## ML Predictions using Amazon QuickSight and Amazon SageMaker

At re:Invent 2019, Amazon QuickSight announced Amazon SageMaker integration, a new feature that allows you to integrate your own SageMaker machine learning models with QuickSight, to analyze the augmented data, and use it directly in your business intelligence dashboards. As a business analyst, with just a few clicks, you can perform machine learning inference in QuickSight, a process to make predicting on new data, using SageMaker models for different use cases such as predicting likelihood of customer churn, scoring leads to prioritize sales activity and assessing credit risk for loan applications. 

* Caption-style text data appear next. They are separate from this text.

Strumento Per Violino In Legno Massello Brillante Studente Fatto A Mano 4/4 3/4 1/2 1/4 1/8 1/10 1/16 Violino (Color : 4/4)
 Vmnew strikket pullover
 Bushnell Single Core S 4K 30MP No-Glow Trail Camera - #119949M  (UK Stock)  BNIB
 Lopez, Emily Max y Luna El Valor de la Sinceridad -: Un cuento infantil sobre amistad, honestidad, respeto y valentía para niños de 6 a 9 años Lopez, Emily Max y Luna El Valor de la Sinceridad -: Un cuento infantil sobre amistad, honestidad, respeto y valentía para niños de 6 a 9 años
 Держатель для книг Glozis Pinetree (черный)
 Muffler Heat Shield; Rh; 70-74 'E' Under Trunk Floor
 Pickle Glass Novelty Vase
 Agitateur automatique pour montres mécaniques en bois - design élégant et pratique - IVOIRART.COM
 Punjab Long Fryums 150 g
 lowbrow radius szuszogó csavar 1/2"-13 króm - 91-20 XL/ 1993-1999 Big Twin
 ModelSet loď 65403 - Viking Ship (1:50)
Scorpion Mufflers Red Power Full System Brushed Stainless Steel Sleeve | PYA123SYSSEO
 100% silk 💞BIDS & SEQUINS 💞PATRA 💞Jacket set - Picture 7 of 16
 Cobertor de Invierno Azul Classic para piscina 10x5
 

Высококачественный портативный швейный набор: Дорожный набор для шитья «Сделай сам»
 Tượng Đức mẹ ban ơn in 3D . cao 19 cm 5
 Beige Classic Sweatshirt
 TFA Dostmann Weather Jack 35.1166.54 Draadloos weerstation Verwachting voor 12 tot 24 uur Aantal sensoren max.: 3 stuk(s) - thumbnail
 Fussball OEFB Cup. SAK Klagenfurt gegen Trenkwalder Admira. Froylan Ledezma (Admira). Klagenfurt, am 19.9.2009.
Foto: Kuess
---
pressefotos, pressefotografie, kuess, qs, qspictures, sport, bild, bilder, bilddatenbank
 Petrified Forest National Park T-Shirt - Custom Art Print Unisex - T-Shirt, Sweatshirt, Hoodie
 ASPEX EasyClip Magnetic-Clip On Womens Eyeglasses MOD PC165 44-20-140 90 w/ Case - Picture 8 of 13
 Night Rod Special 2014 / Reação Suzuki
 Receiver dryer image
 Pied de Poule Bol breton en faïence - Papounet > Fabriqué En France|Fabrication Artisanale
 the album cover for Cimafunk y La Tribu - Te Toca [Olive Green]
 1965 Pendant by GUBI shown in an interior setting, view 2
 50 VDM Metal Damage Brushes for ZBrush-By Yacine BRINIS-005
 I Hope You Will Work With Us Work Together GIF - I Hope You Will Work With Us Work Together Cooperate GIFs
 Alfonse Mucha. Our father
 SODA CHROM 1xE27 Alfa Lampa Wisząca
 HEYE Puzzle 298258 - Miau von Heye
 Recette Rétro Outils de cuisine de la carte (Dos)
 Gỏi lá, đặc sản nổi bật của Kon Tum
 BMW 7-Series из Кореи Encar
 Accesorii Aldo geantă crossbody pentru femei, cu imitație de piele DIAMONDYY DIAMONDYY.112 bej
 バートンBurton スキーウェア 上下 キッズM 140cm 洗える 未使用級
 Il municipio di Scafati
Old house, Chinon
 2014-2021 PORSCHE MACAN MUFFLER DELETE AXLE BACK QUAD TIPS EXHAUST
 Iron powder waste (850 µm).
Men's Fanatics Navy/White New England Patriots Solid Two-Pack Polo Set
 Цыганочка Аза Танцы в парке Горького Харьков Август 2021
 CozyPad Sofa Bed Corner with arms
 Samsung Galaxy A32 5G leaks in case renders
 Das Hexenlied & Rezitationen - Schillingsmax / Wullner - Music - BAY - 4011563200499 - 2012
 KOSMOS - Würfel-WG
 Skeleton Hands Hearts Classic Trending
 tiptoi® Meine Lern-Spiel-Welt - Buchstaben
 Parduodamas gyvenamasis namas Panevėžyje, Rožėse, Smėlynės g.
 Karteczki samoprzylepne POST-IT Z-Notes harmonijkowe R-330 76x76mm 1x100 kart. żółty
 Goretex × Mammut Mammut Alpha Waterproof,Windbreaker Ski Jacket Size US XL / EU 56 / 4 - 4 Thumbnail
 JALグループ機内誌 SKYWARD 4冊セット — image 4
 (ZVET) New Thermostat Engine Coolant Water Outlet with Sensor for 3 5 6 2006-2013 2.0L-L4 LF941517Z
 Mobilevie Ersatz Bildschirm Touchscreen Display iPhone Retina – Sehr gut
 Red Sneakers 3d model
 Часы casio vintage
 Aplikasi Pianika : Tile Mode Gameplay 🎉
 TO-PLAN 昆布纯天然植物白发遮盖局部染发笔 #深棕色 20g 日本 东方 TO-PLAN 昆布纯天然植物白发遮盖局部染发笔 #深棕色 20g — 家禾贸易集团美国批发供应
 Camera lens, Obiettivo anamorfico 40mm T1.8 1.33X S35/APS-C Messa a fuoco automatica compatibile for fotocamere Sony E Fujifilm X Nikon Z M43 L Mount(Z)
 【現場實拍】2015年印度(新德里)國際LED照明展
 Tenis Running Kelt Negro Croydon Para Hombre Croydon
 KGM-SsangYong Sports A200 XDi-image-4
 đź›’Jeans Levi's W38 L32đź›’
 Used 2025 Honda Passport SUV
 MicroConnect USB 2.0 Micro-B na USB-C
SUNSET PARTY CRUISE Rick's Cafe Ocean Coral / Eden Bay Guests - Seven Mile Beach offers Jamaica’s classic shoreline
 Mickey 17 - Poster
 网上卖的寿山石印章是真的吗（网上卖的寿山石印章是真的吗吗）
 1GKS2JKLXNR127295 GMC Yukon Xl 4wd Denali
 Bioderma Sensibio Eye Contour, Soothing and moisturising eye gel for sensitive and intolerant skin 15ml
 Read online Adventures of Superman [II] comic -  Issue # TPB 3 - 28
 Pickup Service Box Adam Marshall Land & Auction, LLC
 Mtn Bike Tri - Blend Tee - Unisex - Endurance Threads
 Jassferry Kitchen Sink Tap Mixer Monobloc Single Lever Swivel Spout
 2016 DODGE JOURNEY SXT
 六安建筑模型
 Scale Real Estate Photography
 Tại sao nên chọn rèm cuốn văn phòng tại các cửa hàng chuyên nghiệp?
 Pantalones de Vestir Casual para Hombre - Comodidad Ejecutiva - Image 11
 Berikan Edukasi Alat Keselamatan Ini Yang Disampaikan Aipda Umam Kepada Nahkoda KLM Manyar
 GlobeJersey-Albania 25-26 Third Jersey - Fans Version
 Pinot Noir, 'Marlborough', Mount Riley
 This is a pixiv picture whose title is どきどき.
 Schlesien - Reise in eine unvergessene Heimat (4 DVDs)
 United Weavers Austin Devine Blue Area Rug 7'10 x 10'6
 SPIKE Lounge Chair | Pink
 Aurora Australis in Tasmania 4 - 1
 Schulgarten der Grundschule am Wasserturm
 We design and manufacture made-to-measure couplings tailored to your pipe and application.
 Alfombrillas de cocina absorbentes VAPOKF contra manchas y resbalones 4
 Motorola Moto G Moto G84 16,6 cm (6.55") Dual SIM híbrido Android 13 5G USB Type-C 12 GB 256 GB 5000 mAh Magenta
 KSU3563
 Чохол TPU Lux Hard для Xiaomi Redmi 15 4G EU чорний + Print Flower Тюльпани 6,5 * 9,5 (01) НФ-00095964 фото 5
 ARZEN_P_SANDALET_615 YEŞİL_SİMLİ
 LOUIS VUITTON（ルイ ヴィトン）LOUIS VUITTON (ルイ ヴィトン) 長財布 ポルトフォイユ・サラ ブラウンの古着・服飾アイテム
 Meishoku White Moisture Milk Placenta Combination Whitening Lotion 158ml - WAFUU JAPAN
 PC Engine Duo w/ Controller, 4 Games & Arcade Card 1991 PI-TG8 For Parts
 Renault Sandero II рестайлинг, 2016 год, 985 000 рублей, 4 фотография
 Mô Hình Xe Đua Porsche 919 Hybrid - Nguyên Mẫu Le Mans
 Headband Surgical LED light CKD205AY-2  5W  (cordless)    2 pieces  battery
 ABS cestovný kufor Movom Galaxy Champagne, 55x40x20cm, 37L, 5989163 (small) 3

Traditionally, getting the predictions from trained models into a BI tool requires substantial heavy lifting. This requires the data engineering team to write code to ETL the data into S3, call the inference API to get the predictions, ETL the model output from S3 to a queryable source and orchestrating this process whenever new data is available, not to mention repeating workflow for every single model that you build. Setting up inference endpoints enables easier consumption of the models, but comes at a cost of potentially incurring charges when not in use. Finally, a business analyst will use 3rd party tool like Excel to perform analysis and reporting on the predictions, making it difficult to update and share the results to a large number of users. The end-to-end process to get value from the model is undifferentiated and can take days or weeks before the predictions of the models get to the business decision makers.

QuickSight’s integration with Amazon SageMaker addresses these pain points by automating the entire data movement and inference pipeline. 


To run inferencing on your dataset, you can connect to any of the QuickSight supported data sources (e.g., S3, Athena, Aurora, RDS and Amazon Redshift, as well as 3rd party application sources like Salesforce, ServiceNow, and JIRA), select the pretrained SageMaker model you want to use for prediction and QuickSight takes care of the rest. Once the data ingestion and inference job are complete, you can create visualizations and build reports based on the predictions and share it with the business stakeholders, all in an end-to-end workflow. The output of the inference is stored as a QuickSight SPICE dataset and makes it possible to share it with others. You can perform manual, one-off predictions, run predictions on a schedule or trigger predictions programmatically via the QuickSight dataset APIs when your data refreshes.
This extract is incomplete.